*YOUR ASSIGNMENT:* The reply to the records below should contain exactly the lines from the line with "Fischfinder mit Unterwasserkamera" through the line with "Girl With A Laptop PowerPoint Template", and nothing besides.

*INFORMATION GIVEN:*
★ ★ ★ ★ ★

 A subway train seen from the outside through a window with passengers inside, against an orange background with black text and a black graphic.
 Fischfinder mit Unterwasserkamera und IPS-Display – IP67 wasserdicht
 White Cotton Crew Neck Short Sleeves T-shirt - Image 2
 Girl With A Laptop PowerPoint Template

★ ★ ★ ★ ★

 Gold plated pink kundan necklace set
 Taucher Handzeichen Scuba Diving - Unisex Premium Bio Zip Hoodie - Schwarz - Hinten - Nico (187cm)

★ ★ ★ ★ ★

*RESULT OF THE EXERCISE:*
 Fischfinder mit Unterwasserkamera und IPS-Display – IP67 wasserdicht
 White Cotton Crew Neck Short Sleeves T-shirt - Image 2
 Girl With A Laptop PowerPoint Template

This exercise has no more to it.